▸ **About this task**
From the first line to the last, print the material exactly, skipping the pictures.

----- Information supplied -----

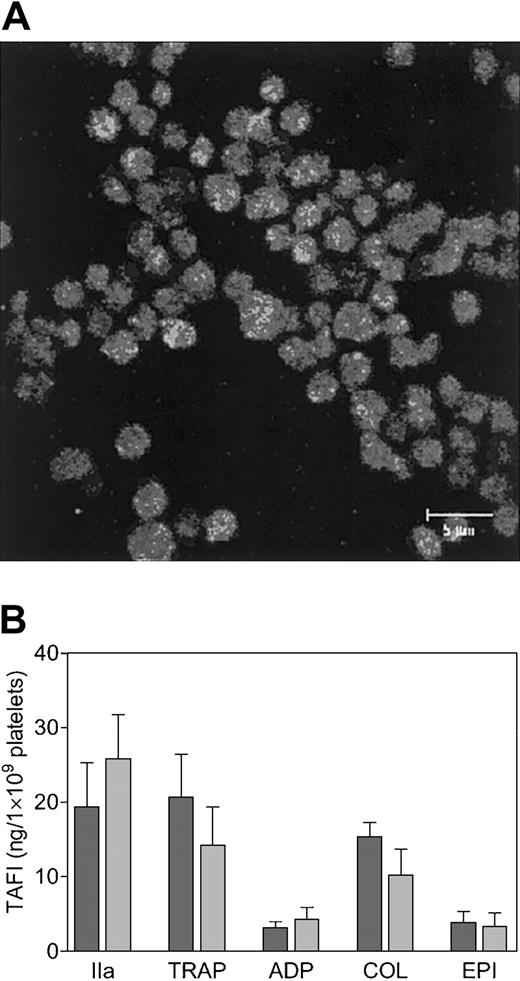 Figure 1. Identification of TAFI in platelets. TAFI was identified in cytospins of gel-filtered platelets by immunofluorescence confocal microscopy (A), using a monoclonal antibody against TAFI (9H10) and an FITC-labeled secondary antibody. The scale bar represents 5 μm. TAFI secretion by stimulated platelets (B). Gel-filtered platelets (2.8 × 107) were incubated with a high (dark bars) or a low (light bars) concentration of platelet agonist for 15 minutes at 37°C, and the secretion of TAFI was determined by ELISA. The agonists used were thrombin (IIa; 5 or 0.5 U/mL), thrombin receptor–activating peptide (TRAP; 100 or 10 μM), adenosine 5′-diphosphate (ADP; 20 or 2 μM), collagen (COL; 10 or 1 μg/mL), and epinephrine (EPI; 10 or 1 μM). Each bar represents the mean ± SEM of 5 independent experiments using different donors.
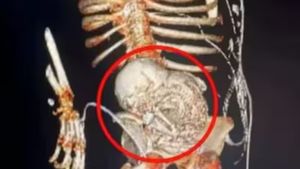 56 வருடமாக வயிற்றில் கருவை சுமந்த பெண்.. எக்ஸ்ரேவில் காத்திருந்த ஷாக்! மருத்துவ உலகில் வினோத சம்பவம் 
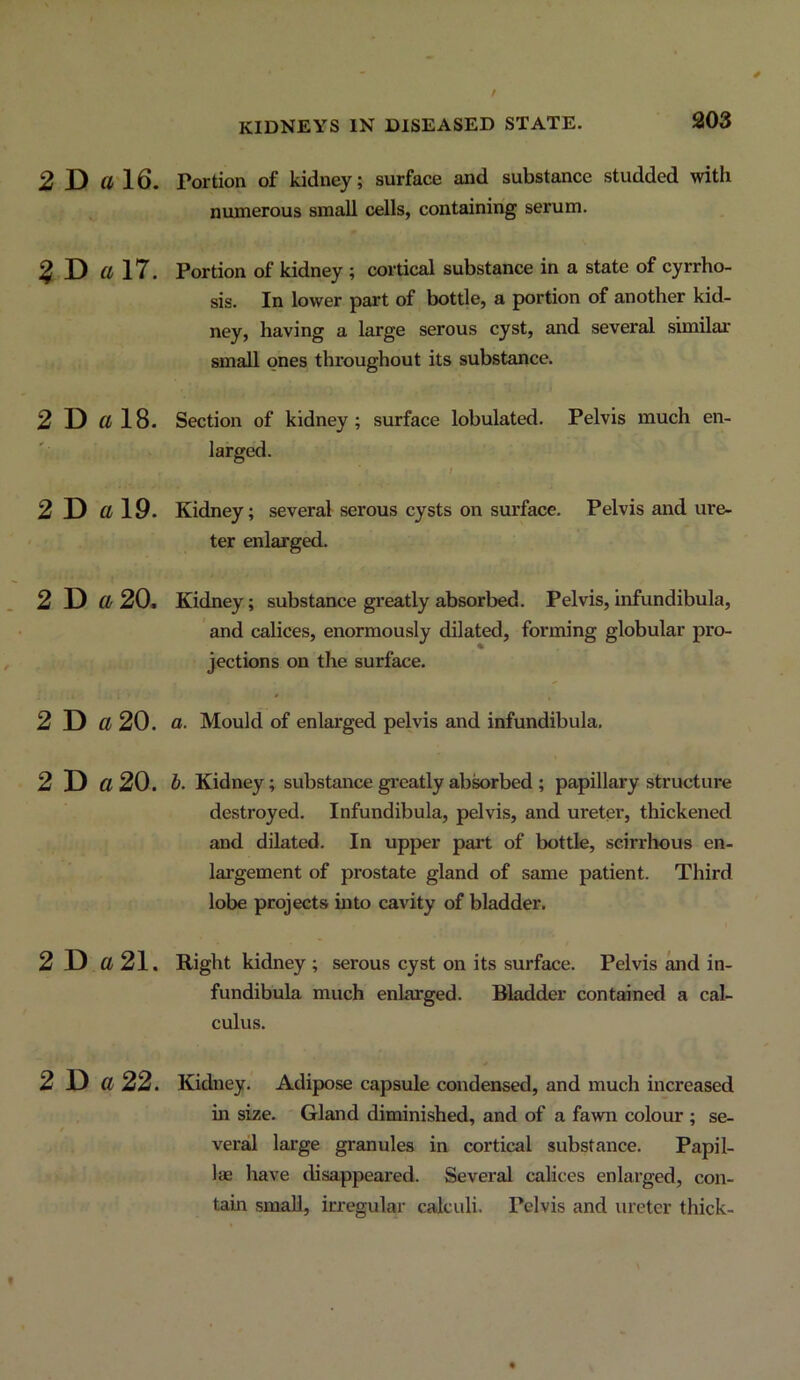 2 D fl 16. ^ D «17. 2 D a 18. 2 D a 19. 2 D «20. 2 D «20. 2 D o20. 2 D a21. 2 D « 22. Portion of kidney; surface and substance studded with numerous small cells, containing serum. Portion of kidney ; cortical substance in a state of cyrrho- sis. In lower part of bottle, a portion of another kid- ney, having a large serous cyst, and several similar small ones throughout its substance. Section of kidney ; surface lobulated. Pelvis much en- larged. / Kidney; several serous cysts on surface. Pelvis and ure- ter enlarged. Kidney; substance greatly absorbed. Pelvis, infundibula, and calices, enormously dilated, forming globular pro- jections on the surface. a. Mould of enlarged pelvis and infundibula, b. Kidney; substance greatly abk>rbed ; papillary structure destroyed. Infundibula, pelvis, and ureter, thickened and dilated. In upper part of bottle, scirrhous en- largement of prostate gland of same patient. Third lobe projects into cavity of bladder. Right kidney ; serous cyst on its surface. Pelvis and in- fundibula much enlarged. Bladder contained a cal- culus. Kidney. Adipose capsule condensed, and much increased in size. Gland diminished, and of a fawn colour ; se- veral large granules in cortical substance. Papil- lae have disappeared. Several calices enlarged, con- tain small, irregular calculi. Pelvis and ureter thick-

-----

▸ **Expected output**
 Figure 1. Identification of TAFI in platelets. TAFI was identified in cytospins of gel-filtered platelets by immunofluorescence confocal microscopy (A), using a monoclonal antibody against TAFI (9H10) and an FITC-labeled secondary antibody. The scale bar represents 5 μm. TAFI secretion by stimulated platelets (B). Gel-filtered platelets (2.8 × 107) were incubated with a high (dark bars) or a low (light bars) concentration of platelet agonist for 15 minutes at 37°C, and the secretion of TAFI was determined by ELISA. The agonists used were thrombin (IIa; 5 or 0.5 U/mL), thrombin receptor–activating peptide (TRAP; 100 or 10 μM), adenosine 5′-diphosphate (ADP; 20 or 2 μM), collagen (COL; 10 or 1 μg/mL), and epinephrine (EPI; 10 or 1 μM). Each bar represents the mean ± SEM of 5 independent experiments using different donors.
 56 வருடமாக வயிற்றில் கருவை சுமந்த பெண்.. எக்ஸ்ரேவில் காத்திருந்த ஷாக்! மருத்துவ உலகில் வினோத சம்பவம் 
 2 D fl 16. ^ D «17. 2 D a 18. 2 D a 19. 2 D «20. 2 D «20. 2 D o20. 2 D a21. 2 D « 22. Portion of kidney; surface and substance studded with numerous small cells, containing serum. Portion of kidney ; cortical substance in a state of cyrrho- sis. In lower part of bottle, a portion of another kid- ney, having a large serous cyst, and several similar small ones throughout its substance. Section of kidney ; surface lobulated. Pelvis much en- larged. / Kidney; several serous cysts on surface. Pelvis and ure- ter enlarged. Kidney; substance greatly absorbed. Pelvis, infundibula, and calices, enormously dilated, forming globular pro- jections on the surface. a. Mould of enlarged pelvis and infundibula, b. Kidney; substance greatly abk>rbed ; papillary structure destroyed. Infundibula, pelvis, and ureter, thickened and dilated. In upper part of bottle, scirrhous en- largement of prostate gland of same patient. Third lobe projects into cavity of bladder. Right kidney ; serous cyst on its surface. Pelvis and in- fundibula much enlarged. Bladder contained a cal- culus. Kidney. Adipose capsule condensed, and much increased in size. Gland diminished, and of a fawn colour ; se- veral large granules in cortical substance. Papil- lae have disappeared. Several calices enlarged, con- tain small, irregular calculi. Pelvis and ureter thick-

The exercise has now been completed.